Popular Agent Frameworks
We built an agent from scratch to understand the principles. In real projects, you'll likely use existing frameworks:
Anthropic Agent SDK: Official from Anthropic, lightweight, provides the agent loop, tool registration, multi-agent orchestration (handoffs), and other foundational capabilities.

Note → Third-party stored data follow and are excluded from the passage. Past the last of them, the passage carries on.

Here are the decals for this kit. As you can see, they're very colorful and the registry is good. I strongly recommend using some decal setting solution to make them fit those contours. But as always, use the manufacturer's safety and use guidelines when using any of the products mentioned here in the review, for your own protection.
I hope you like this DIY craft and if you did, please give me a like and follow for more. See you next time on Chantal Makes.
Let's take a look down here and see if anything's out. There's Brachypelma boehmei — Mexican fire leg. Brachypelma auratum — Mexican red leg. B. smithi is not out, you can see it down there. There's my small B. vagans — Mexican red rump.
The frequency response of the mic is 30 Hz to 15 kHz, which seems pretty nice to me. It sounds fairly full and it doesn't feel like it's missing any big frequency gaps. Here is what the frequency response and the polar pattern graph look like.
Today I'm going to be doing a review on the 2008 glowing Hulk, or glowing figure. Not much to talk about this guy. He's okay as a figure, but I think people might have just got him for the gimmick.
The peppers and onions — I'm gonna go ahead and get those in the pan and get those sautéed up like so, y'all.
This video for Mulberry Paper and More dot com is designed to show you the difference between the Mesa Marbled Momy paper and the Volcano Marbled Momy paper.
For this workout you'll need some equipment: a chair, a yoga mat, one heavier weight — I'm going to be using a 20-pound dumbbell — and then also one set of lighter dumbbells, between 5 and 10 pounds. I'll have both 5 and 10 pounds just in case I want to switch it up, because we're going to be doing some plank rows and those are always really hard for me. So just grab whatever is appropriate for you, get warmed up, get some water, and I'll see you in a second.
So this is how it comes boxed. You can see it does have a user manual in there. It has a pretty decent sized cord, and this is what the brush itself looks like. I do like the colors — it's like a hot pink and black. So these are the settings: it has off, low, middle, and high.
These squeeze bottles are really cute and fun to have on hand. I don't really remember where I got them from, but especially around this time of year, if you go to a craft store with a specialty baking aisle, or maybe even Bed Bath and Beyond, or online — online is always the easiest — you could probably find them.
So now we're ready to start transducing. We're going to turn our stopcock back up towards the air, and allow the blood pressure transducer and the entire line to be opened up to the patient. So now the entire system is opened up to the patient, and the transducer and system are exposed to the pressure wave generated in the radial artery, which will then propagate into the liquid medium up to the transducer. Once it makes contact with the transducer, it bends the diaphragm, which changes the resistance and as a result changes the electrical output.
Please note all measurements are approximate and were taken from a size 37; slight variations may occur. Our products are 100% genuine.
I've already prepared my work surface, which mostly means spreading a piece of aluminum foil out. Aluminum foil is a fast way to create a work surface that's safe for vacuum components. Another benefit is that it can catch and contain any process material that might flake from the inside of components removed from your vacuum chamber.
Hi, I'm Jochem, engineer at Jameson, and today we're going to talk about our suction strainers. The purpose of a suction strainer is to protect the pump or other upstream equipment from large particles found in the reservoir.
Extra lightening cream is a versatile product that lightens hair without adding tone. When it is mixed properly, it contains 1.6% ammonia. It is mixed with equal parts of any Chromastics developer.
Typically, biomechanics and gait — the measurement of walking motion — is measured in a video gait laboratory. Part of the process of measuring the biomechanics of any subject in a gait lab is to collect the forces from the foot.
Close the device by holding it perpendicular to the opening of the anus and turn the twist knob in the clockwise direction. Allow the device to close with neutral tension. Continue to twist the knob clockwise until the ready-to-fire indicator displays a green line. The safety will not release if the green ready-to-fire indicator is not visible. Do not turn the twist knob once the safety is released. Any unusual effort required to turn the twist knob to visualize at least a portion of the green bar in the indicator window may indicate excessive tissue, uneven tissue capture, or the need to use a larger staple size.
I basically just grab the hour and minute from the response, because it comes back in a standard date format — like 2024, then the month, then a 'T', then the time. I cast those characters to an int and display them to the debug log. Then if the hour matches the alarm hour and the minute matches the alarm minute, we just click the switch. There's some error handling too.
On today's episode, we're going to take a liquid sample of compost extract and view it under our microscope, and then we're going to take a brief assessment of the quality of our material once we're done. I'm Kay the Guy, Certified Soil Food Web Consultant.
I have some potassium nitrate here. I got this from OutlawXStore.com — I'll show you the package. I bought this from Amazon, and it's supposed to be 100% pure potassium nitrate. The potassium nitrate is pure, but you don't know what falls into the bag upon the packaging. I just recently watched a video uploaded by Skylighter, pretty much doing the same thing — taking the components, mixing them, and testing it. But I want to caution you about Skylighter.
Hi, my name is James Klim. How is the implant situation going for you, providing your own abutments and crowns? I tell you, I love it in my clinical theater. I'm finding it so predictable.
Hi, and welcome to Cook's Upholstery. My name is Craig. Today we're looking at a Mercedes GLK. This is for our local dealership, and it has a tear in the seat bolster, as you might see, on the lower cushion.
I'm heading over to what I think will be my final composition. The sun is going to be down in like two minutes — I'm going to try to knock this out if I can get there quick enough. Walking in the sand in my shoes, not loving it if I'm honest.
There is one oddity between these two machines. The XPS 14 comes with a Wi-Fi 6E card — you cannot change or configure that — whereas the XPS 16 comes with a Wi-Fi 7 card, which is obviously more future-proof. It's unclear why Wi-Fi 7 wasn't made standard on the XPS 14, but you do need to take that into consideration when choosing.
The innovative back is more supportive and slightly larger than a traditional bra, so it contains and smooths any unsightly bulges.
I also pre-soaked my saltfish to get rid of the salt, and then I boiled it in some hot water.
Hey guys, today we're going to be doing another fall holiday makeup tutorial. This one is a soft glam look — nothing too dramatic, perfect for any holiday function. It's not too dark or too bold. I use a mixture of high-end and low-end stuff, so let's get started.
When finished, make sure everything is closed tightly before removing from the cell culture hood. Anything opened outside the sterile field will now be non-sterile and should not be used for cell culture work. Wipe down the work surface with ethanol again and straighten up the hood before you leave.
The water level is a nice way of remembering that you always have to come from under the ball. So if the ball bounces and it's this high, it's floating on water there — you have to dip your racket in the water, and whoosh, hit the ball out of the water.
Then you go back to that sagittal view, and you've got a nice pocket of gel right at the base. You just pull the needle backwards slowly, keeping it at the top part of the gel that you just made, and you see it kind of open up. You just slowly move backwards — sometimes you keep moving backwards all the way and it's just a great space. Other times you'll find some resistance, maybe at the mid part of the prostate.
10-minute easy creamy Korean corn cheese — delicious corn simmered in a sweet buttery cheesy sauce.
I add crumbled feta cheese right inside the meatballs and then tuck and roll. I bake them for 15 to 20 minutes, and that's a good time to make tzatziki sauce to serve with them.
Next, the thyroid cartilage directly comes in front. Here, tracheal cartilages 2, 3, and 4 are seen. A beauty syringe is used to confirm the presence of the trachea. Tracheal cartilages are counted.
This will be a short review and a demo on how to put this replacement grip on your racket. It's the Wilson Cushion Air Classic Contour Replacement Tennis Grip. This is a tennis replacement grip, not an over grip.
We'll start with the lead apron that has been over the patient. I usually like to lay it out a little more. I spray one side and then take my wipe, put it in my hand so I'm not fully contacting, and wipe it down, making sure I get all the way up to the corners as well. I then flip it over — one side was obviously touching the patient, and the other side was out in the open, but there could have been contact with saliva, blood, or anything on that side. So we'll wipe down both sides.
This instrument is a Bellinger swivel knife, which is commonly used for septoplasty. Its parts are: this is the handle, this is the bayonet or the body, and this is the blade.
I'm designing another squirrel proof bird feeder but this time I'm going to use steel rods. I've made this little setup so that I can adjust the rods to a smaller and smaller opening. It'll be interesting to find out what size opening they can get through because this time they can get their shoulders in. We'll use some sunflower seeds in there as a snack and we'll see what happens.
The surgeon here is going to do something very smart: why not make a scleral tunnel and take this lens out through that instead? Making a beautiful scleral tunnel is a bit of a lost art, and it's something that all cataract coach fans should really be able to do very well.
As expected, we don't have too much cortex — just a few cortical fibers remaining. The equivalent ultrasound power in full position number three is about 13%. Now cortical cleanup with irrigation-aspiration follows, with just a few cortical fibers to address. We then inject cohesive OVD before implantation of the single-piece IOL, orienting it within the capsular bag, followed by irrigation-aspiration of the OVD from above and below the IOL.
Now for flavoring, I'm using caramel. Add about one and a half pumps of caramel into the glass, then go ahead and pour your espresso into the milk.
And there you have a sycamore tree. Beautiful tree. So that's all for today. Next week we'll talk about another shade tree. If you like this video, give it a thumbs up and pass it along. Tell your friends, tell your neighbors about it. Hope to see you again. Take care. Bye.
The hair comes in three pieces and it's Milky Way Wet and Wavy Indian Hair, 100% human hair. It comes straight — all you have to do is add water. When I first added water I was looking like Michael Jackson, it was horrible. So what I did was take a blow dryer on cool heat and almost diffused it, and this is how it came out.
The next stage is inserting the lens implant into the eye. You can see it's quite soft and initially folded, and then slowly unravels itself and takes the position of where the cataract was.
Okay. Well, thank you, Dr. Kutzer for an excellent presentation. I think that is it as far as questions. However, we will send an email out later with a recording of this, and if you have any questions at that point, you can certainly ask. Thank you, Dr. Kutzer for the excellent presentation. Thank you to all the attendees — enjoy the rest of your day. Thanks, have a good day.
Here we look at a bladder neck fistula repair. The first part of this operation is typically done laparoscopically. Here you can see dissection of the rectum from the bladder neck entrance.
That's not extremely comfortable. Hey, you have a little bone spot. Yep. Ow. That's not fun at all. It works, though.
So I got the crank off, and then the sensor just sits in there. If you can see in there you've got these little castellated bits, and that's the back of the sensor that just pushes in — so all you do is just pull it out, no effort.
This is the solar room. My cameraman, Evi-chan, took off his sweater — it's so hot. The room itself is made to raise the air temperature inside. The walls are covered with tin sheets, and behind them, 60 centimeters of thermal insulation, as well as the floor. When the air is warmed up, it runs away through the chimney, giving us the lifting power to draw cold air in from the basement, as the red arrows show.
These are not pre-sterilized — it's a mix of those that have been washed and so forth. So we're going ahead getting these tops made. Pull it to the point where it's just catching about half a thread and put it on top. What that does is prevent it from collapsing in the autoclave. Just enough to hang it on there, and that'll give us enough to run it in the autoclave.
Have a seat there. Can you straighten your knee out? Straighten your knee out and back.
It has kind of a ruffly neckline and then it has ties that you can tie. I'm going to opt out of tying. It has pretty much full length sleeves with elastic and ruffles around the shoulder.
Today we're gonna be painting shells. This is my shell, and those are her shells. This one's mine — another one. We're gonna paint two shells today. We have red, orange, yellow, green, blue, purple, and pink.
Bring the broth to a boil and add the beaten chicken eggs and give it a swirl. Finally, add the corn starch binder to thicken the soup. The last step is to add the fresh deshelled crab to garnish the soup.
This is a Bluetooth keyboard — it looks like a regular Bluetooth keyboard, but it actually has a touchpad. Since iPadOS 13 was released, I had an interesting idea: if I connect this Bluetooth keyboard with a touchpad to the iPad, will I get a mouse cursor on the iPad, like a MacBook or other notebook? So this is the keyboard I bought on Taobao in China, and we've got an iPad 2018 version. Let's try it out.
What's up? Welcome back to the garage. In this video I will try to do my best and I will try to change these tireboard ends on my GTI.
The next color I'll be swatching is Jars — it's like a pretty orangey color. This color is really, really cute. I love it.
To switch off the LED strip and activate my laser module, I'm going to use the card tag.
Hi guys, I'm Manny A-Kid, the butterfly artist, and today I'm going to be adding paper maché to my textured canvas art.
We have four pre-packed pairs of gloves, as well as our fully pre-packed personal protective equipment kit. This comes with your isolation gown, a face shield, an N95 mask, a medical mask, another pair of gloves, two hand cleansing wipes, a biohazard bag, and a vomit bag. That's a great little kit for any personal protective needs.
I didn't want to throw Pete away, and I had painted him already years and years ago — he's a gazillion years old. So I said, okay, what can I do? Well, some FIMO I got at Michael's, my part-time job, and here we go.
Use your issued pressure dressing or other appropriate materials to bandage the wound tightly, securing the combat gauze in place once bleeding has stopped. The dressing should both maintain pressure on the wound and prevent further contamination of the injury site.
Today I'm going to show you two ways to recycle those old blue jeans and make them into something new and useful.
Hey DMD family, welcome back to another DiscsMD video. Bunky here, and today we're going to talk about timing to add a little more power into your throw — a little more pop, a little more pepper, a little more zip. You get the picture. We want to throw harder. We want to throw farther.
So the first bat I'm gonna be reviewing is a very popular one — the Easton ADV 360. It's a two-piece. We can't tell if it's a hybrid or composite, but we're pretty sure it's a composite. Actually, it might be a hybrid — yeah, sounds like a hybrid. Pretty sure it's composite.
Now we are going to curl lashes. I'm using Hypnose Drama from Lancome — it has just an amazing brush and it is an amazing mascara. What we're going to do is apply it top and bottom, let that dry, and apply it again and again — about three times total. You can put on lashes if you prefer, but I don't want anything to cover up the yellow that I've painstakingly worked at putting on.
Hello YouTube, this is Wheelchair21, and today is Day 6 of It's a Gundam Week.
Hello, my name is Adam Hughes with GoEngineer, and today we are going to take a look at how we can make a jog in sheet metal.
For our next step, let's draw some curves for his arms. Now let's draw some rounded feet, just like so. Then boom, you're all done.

Best suited for scenarios using Claude models directly.
LangGraph: Part of the LangChain ecosystem, uses graphs to define agent workflows. Suited for scenarios requiring complex flow control. Flexible but has a steep learning curve.
CrewAI: Focuses on multi-agent collaboration, organizing agent teams with "roles" and "tasks." Good for simulating team collaboration scenarios.
Mastra: A TypeScript-ecosystem agent framework with built-in workflow engine, RAG, evaluation, and more. Good fit for Node.js stack projects.
The principle for choosing a framework is the same as choosing a model: understand your needs first, then pick the tool. If your scenario can be implemented in 100 lines of code, you don't need a framework.
Key Takeaways
- An agent's core is a while loop — call the model, execute tools, feed results back, repeat until done. ~100 lines of code can implement a working agent.
- Tool design determines the agent's ceiling: 3-8 core tools, clear descriptions, meaningful error messages.
- Safety is the top priority: least privilege, path validation, operation confirmation, resource limits. Autonomous AI execution ≠ unrestricted AI execution.
- Logging and evaluation are essential: record every step, measure agent quality by task completion rate and step efficiency.
- Frameworks are optional — understand the principles first, then choose a framework. Simple scenarios don't need one.